Aspara, the management authority for Cambodia’s Angkor Archaeological Park in Siem Reap first announced elephant rides would be banned in early 2020 back in June. According to CNN, the process is already underway.
Last week, Cambodian outlet the Khmer Times reported two of the park’s elephants had been relocated to the Bos Thom community forest, and more of the animals will make the same transition soon. The remaining dozen animals are expected to have vacated the park by early 2020, Apsara spokesman Long Kosal told the local outlet.
“The elephant is a big animal, but it is also gentle and we don’t want to see the animals being used for tourism activities anymore,” Kosal said. “We want them to live in their natural surroundings.”

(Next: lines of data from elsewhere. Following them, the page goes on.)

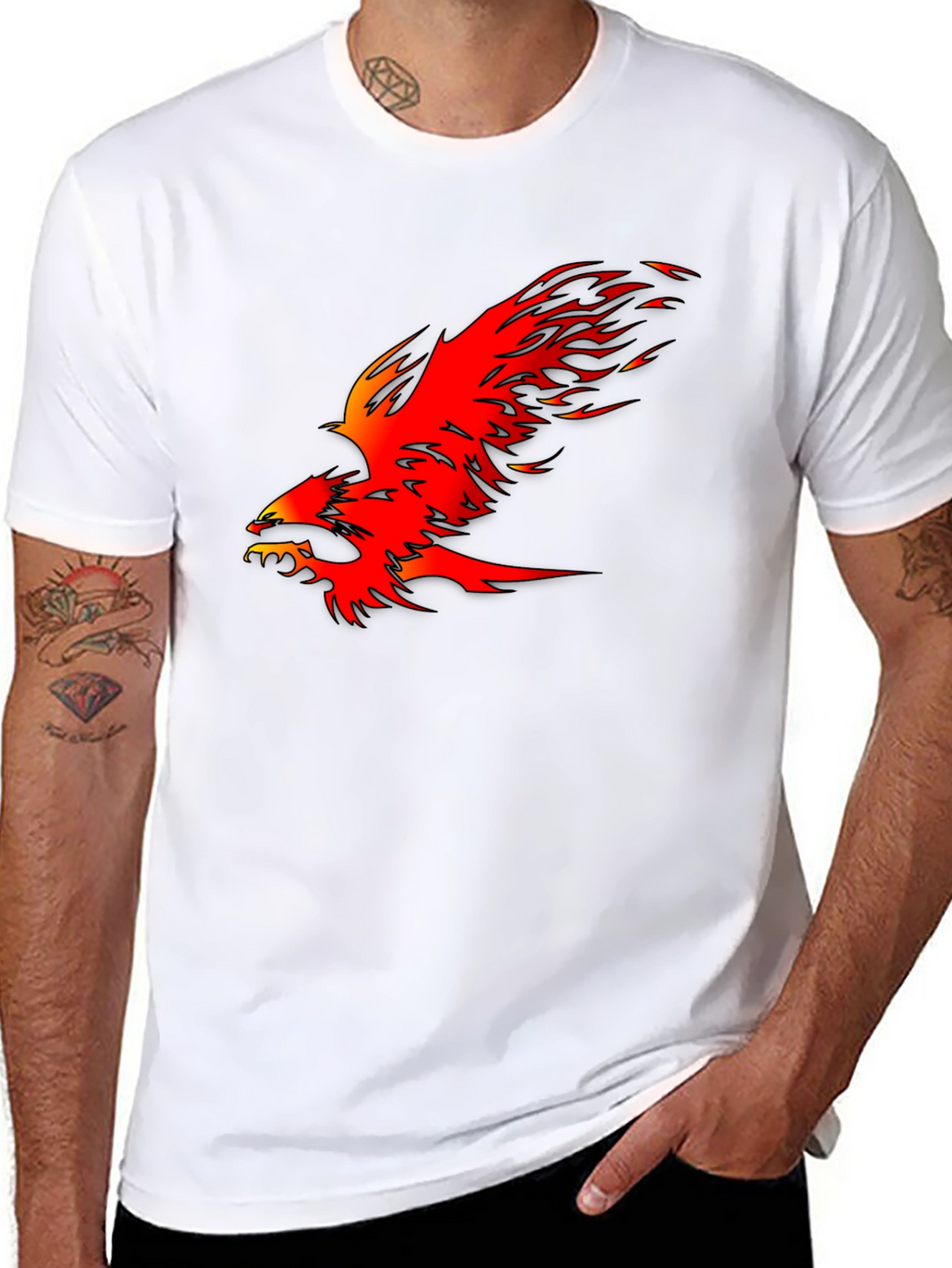 Fiery Phoenix Graphic Tee - Bold Black Cotton T-Shirt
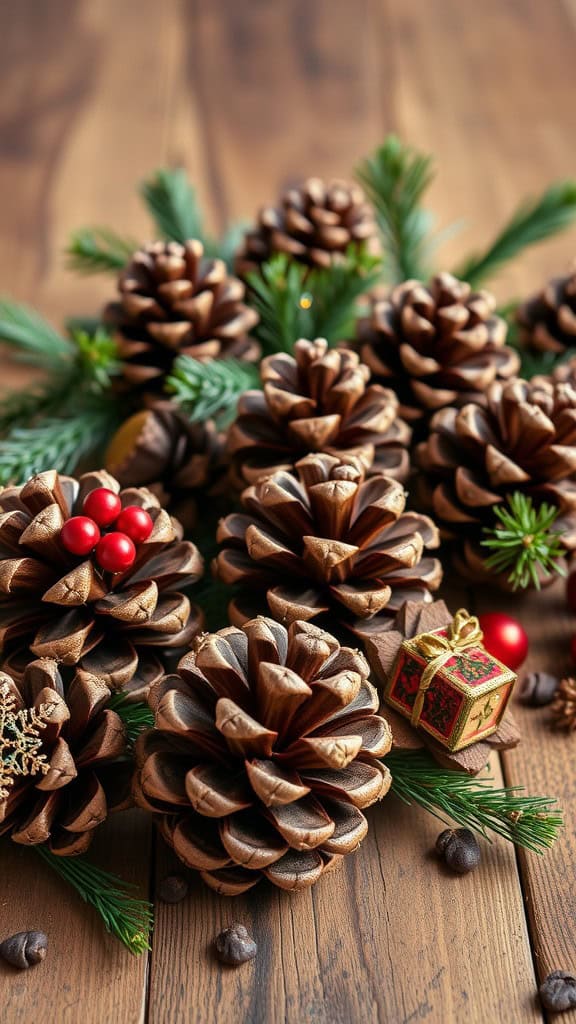 A collection of decorative pinecones arranged with greenery and small gifts on a wooden surface.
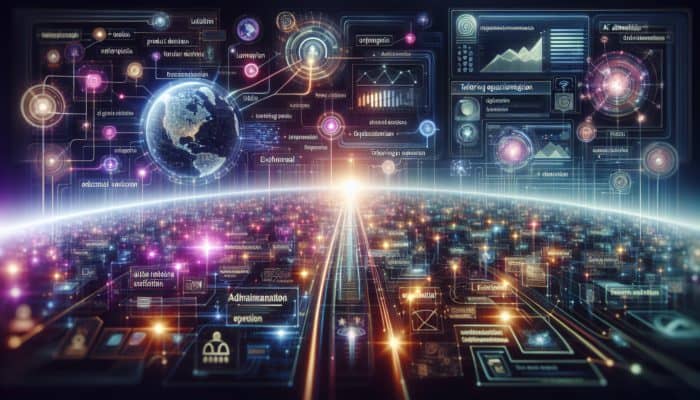 AI optimizing e-commerce, news, and educational content with glowing data streams and enhanced interfaces.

The ban follows pressure from animal activist groups, whose efforts to end the use of elephants as tourist attractions gained international attention after an elephant named Sambo died at Angkor in 2016. A combination of heat stroke and exhaustion from carrying riders was blamed for the death.
Meanwhile, the Asian elephant may be in trouble more broadly. According to a 2018 report from the World Wildlife Fund, the species’ population has dwindled by 50 percent in just three generations.
Also seeing a decline? Angkor’s tourism rates. According to CNN, the site of the Angkor Wat temple reported a 13.7 percent decline in tourists between January and September this year compared to the same ten-month period in 2018.
Whether the ban on elephant rides will help or hinder tourism numbers at the site remains to be seen, but it does come at a time when more travelers and agencies seem to be taking animal rights into account. Last month, TripAdvisor announced it would halt ticket sales to locations that breed whales and dolphins in captivity, AKA SeaWorld.